For the common case of squared penalties, we also provide a separate
match_quadratic()
constructor.
Example
t_power = NumericalTarget.match_power(name="Size", match_value=42, exponent=2)
t_quad = NumericalTarget.match_quadratic(name="Size", match_value=42)
assert t_power == t_quad
Practical Considerations
✅ Offers control over how strongly deviations from the set point are penalized
✅ Smooth gradient on the entire domain, which can be beneficial for optimization
❌ Cannot be used in situations where normalized targets are required
Custom Transformation¶
If none of the built-in constructors fit your needs because you need more fine-grained
control over the matching behavior (e.g. when there are multiple acceptable set points),
you always have the fallback option to create a
CustomTransformation
that implements the
corresponding logic and pass it to the regular
NumericalTarget
constructor.
Target Normalization¶
Sometimes, it is necessary to normalize targets to the interval [0, 1] – especially when
multiple targets are present – in order to align them on a common scale. One situation
where this can be required is when combining the targets using a
DesirabilityObjective
. For this purpose, we
provide convenience constructors with the normalized_
prefix:
Ramp Transformation¶
The normalized_ramp()
constructor offers
the simplest way to create a normalized target.
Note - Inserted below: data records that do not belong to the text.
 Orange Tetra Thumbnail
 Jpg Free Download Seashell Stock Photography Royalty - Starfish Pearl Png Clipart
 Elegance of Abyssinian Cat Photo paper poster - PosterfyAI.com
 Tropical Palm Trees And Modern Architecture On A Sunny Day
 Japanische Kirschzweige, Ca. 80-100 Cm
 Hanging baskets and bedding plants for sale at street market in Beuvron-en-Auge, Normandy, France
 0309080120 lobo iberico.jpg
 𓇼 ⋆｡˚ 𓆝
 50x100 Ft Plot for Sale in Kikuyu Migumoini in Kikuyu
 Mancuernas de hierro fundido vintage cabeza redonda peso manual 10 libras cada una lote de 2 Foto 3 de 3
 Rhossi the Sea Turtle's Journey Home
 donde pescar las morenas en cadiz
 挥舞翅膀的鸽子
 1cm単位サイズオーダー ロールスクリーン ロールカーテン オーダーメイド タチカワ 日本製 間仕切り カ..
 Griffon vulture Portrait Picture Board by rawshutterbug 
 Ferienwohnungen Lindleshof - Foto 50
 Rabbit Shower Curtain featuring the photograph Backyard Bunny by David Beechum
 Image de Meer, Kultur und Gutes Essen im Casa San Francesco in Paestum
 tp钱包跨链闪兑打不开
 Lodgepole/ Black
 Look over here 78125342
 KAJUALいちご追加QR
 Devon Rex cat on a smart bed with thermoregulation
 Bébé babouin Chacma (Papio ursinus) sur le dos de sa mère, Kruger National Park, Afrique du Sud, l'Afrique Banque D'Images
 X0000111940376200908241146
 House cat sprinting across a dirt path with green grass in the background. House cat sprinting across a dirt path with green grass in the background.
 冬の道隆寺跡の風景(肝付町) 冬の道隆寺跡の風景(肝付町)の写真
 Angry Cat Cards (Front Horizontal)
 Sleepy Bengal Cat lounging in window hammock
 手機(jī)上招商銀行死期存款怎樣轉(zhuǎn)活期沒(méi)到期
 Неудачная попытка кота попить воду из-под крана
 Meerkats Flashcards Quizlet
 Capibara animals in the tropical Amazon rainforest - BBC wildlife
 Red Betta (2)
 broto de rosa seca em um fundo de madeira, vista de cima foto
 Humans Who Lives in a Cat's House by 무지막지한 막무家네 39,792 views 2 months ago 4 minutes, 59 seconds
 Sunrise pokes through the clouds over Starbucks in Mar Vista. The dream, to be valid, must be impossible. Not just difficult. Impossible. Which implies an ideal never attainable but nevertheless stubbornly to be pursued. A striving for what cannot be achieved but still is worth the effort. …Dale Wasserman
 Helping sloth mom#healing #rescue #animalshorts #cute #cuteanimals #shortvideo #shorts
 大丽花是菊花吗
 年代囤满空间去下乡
It does so by linearly mapping the
target values to the range [0, 1] inside a specified interval and clamping the output
outside.
Example
t = NumericalTarget.normalized_ramp(name="Target", cutoffs=(0, 1), descending=True)
Practical Considerations
✅ Easy to interpret: output value changes linearly inside the specified range
❌ Outside the linear region, the gradient is zero, which can complicate optimization if the thresholds are chosen too tight
Sigmoid Transformation¶
The normalized_sigmoid()
constructor
can be considered a softened version of the ramp transformation.
Instead of using hard cutoffs, it smoothly interpolates the target values between
0 and 1 using a sigmoid function.
Example
t = NumericalTarget.normalized_sigmoid(name="Target", anchors=[(-1, 0.1), (1, 0.9)])
Practical Considerations
✅ Smooth gradient on the entire domain, which can be beneficial for optimization
❌ Requires more parameters to configure than the ramp transformation
Normalizing Existing Targets¶
You can also create a normalized version of an existing target by calling its
normalize()
method, provided the target
already maps to a bounded domain. For brevity and demonstration purposes, we show an
example using method chaining:
t = NumericalTarget(name="Target").power(2).clamp(max=1).normalize()
Creation From Existing Targets¶
Targets can also be quickly created from existing ones by calling certain transformation
methods on them (see NumericalTarget
for all options).
For example:
t1 = NumericalTarget("Target")
t2 = t1 - 1 # subtract a constant
t3 = t2 / 5 # divide by a constant
t4 = t3.abs() # compute absolute value
t5 = t4.power(3) # compute the cube
t6 = t5.clamp(max=10) # upper-bound to 10 (lower bound is 0 due to abs() call above)
t7 = t6.normalize() # normalize to [0, 1]
Limitations¶
Important
NumericalTarget
enables many use cases due to the
real-valued nature of most measurements. However, it can also be used to model
categorical targets if they are ordinal.
For example:
If your experimental outcome is a categorical ranking into “bad”, “mediocre” and “good”,
you could use a NumericalTarget
by pre-mapping the categories to the values 1, 2 and 3, respectively.
If your target category is not ordinal, the transformation into a numerical target is not straightforward, which is a current limitation of BayBE. We are looking into adding more target variants in the future.